I knew that my 8-year-old would encounter discussion about bin Laden’s assassination at school through both older children as well as children whose families filter news and TV in different ways than our family chooses to do. I chose to tell her that the man who was most responsible for planning the 9/11 attacks had been found by the American military, and that in the course of going to capture him, he was killed by American forces. I told her that she would likely hear people talking about it because we have been looking for him for a very long time so that he couldn’t plan things that would hurt anyone else, and that people were very glad about that.
This was not the perfect truth, I know. I do not know for a fact whether our primary intention was to capture or kill – from what I have read, this was, truly, a “kill mission.” But the idea of state-sanctioned assassination is not an issue that I am ready to discuss with my daughter, and am uncomfortable with myself. I told her what I felt was a reasonably accurate version of the truth that didn’t invite questions that I felt were above her ability to process.
The discussion among my adult friends centered less on the morality of the mission itself. Most adults understand the necessity of such actions, if not wholeheartedly support them. But there has been mixed reaction nationwide to the outright celebration of bin Laden’s killing and the appropriateness at partying over someone’s death, even an enemy’s. Many wonderful articles have circulated around social networking sites ranging from blogs to major media outlets addressing this issue. I think my daughter was a bit too young and sheltered from the visual images of celebration and commentary to have picked up on this, but it left me wondering how I would address this with an older child.
When I first heard about bin Laden, I found the “Ding Dong the Witch is Dead” song from the movie version of “The Wizard of Oz” running through my head for quite a long time. I wasn’t the only person, just among my group of friends, to remark about this on Facebook. I remembered that a few days later when pondering this issue of reaction to the death of an enemy.
I realized that American’s reactions shouldn’t be such a surprise when so much of movies and television teach us to behave in this way. Who didn’t cheer when the Colonel was killed at the end of Avatar? When Hans Gruber fell to his death at the end of Die Hard? More the point, when Murtaugh “revokes” diplomatic immunity at the end of Lethal Weapon 2.

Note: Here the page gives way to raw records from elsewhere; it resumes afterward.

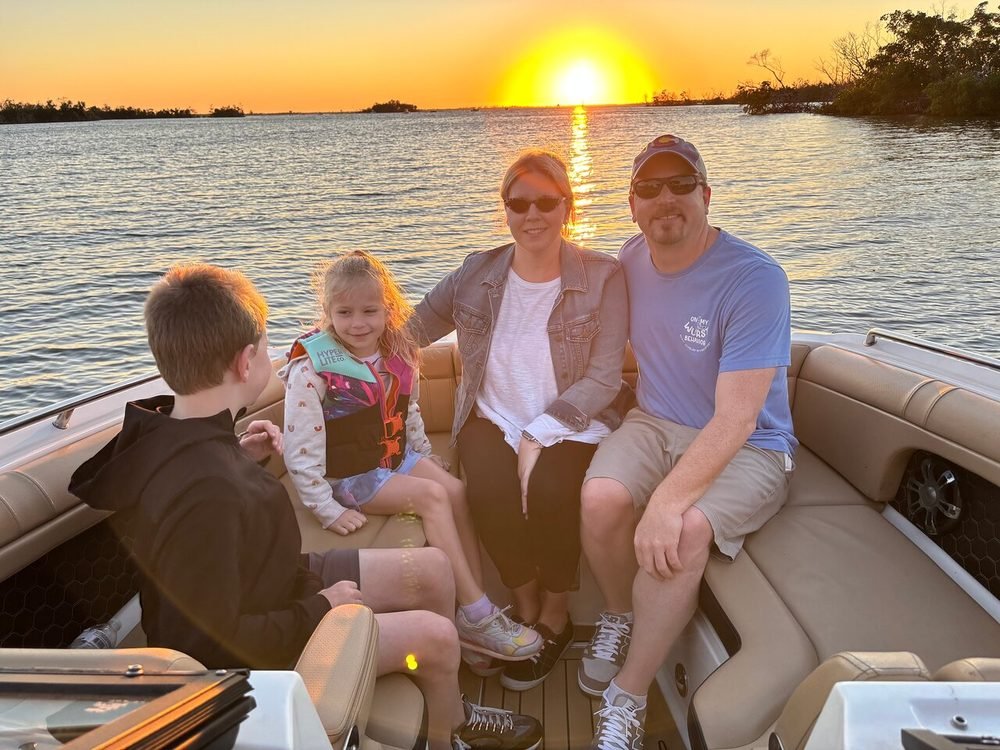 A family of four relaxing together on a private sunset boat cruise in Cape Coral at golden hour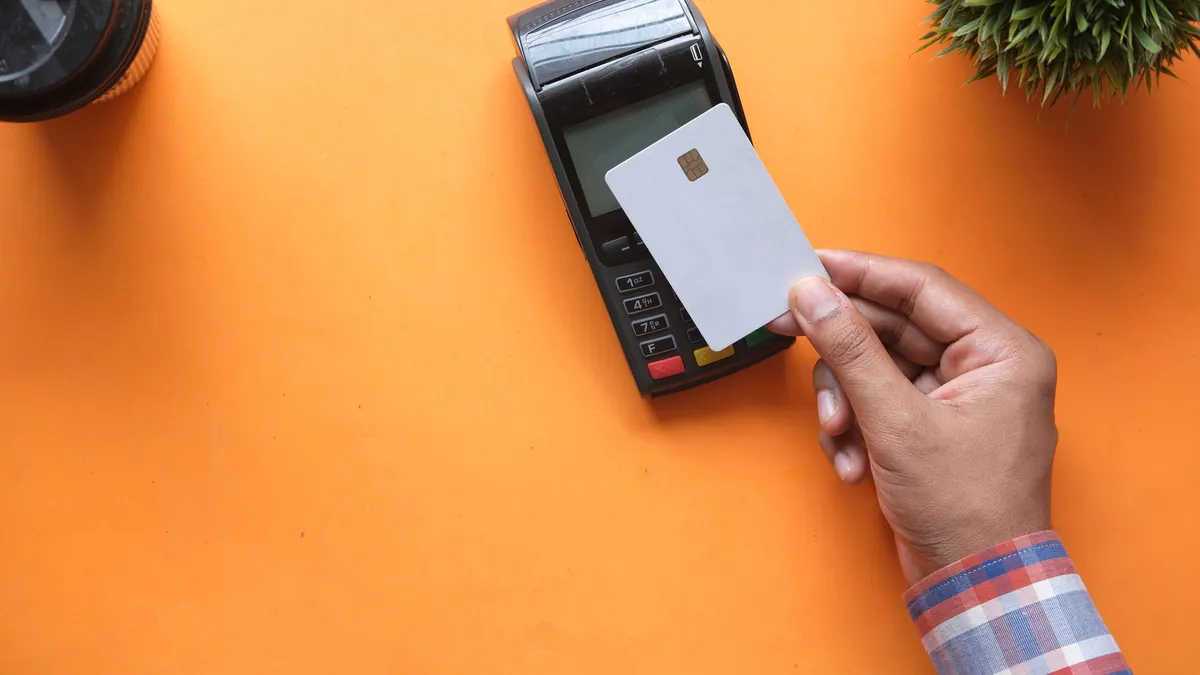 N26 vs Revolut: mano pagando con una tarjeta sin marca en un datáfono
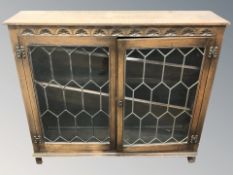 An oak and leaded glass double door display cabinet, 122 cm x 30 cm x 107 cm.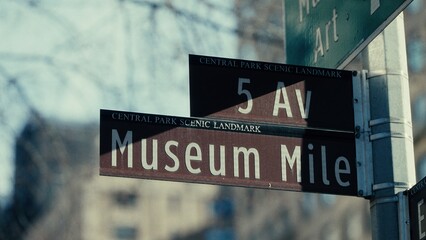 Brown street sign indicating Museum Mile and 5th Avenue, a Central Park scenic landmark in Manhattan, New York City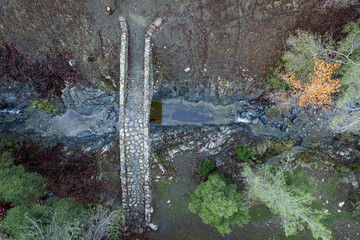 Aerial drone photograph of a medieval stoned bridge with water flowing in the river.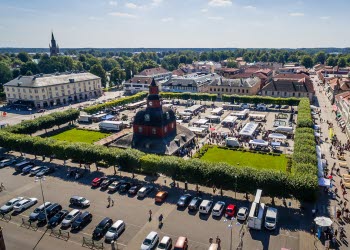Flygbild över Rådhuset och torget en solig dag. På torget är det marknad med flera stånd uppställda.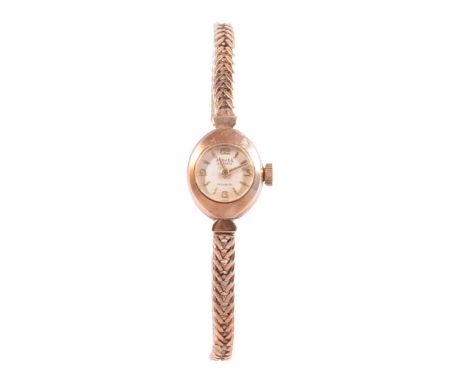 Majex - a vintage lady's 9 carat yellow gold manual wind bracelet wristwatch, 10mm circular raised baton dial with Arabic num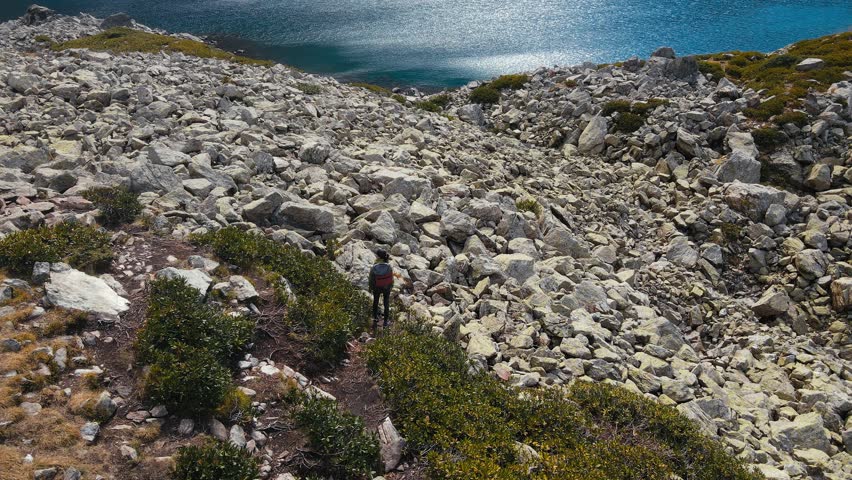 Female traveler walking rocky trail around mountain lake, aerial view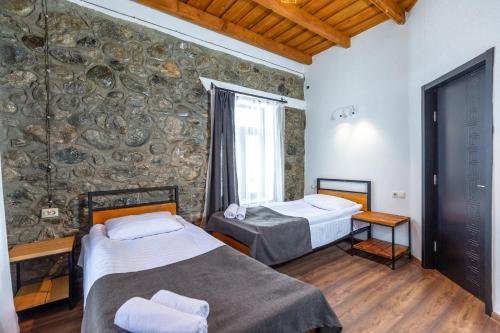 two beds in a room with a stone wall at Mestia HOTEL AMIRANI in Mestia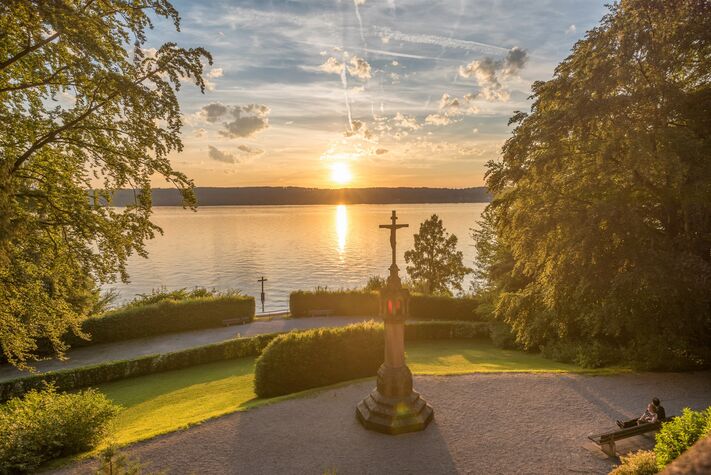 Steinkreuz und Denkmal auf einer gepflegten Uferwiese im Abendlicht, dahinter der See und die untergehende Sonne.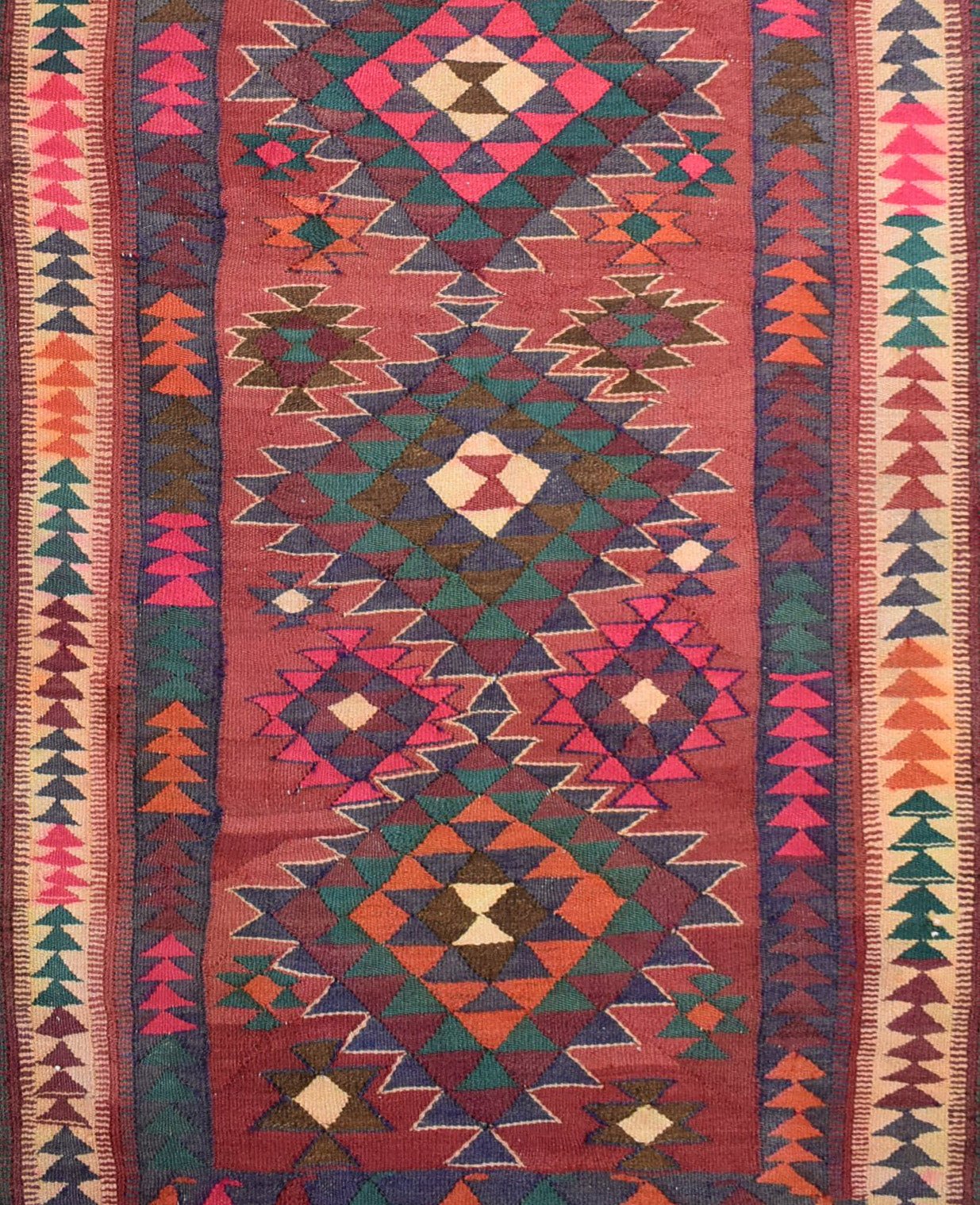 Handmade Persian tribal kilim rug featuring a geometric pattern in red, orange, and teal wool.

When a revered children’s movie like The Wizard of Oz shows kids to throw a party when the Wicked Witch of the East is killed (one can imagine a similar one occurred after the Wicked Witch of the West melted), what are we to expect? Which made me realize that the Wizard of Oz provides a perfect vehicle to talk to children about this very issue.
Some questions to discuss with children:
- Why did the munchkins celebrate the death of the Witch?
- How did Dorothy feel about having caused her death?
- How did the desire for revenge over her death affect the story?
- What was the result of that revenge?
- When Americans saw other groups of people celebrate the fall of the Twin Towers on 9/11, how do you think Americans felt (some background may of course be necessary here).
- What similarities or differences were there between their behavior and the behavior of celebrating Americans on May 1?
- What does it mean to “celebrate death” and to “honor the dead?”
- Why are people objecting to Americans celebrating the death of a murderer and terrorist?
- Is it possible to mourn the death of an enemy?